The evolution of panic button legislation. When asked about personal safety devices, Kelley said it might be hard to legislate in every state immediately. “ It is evolving and may take some time.  Employee unions are leading, but, now more than ever, costs are a bigger factor.” He added that most hotels and resorts will probably “look for an innovative solution from an industry vendor in the coming year.”

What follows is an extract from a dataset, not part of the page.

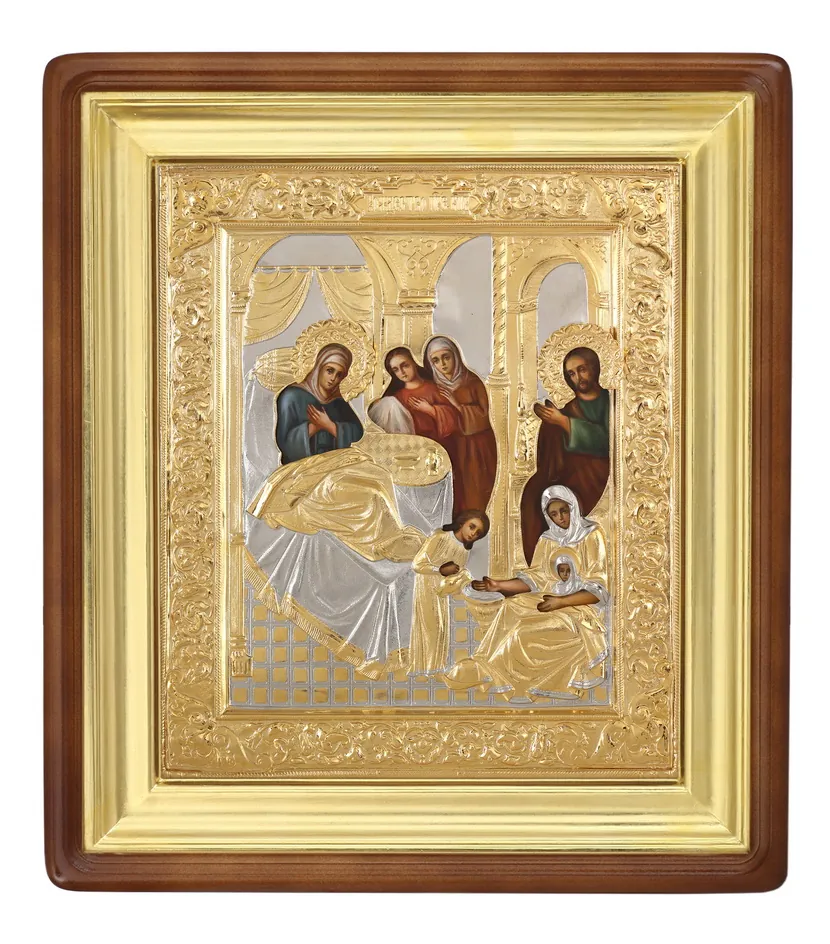 Painted icon in icon case 24×30 oil, riza cover №283, icon case №1 Nativity of the Theotokos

At Relay, we’re proud to offer that innovative solution. Our devices connect hotel and resort staff and empower them through the use of a panic button and a completely connected cellular network. Contact us to find out how to empower your staff and clientele through connectivity with a device that alerts anyone to potential danger.

Accommodate your guests. Kelley said the biggest mistake hotels and golf resorts are making right now is “trying to force guests into situations guests may find uncomfortable.” Your goal in the hospitality industry is to make your guests always feel welcome. To that end, Kelley said “If your guests want to sit outside, find a way to accommodate. If they want more spacing or a table apart from others, accommodate that.”

Don’t rush things. While we’re all excited to get back to normal, we have to all ease our way back in. Kelley cautioned that “operators that are trying to instantly go back to packed dining rooms will only drive a good number of guests away – those who are not quite ready to go back to the old normal.

Don’t slack off. In case you think you can get away with providing a less than optimum experience, you can’t. Kelley said “Those operators who slack off on visible protocols around sanitation won’t win any guest loyalty – it will just be seen as not being conscious of a better way of doing things and a new normal.” And that doesn’t give you free reign to slack off on the things guests can’t see. With millions of active social media profiles that last thing you want is for a guest to broadcast your sanitation shortcuts to the world.

Be transparent about your dining protocols.  This is not the time to be wishy washy or coy about the way you do things at your hotel. “Hospitality establishments, especially restaurants, need to clearly state safe dining protocols on their websites and in-store,” Kelley said. Every guest will be coming to you with different needs and requirements. Make it clear before they book their stay that you can meet their needs. “Guest comfort levels are all over the place and restaurants need to continue to cater to that entire spectrum,” Kelley said. “Operators trying to recoup and cram people in, or use less staff, or visibly clean less won’t win any fans.” You won’t win any fans or repeat guests by cutting corners. “ Just do it the new right way and guests will notice operators have their/guest interest at heart and are not just chasing a quick buck.”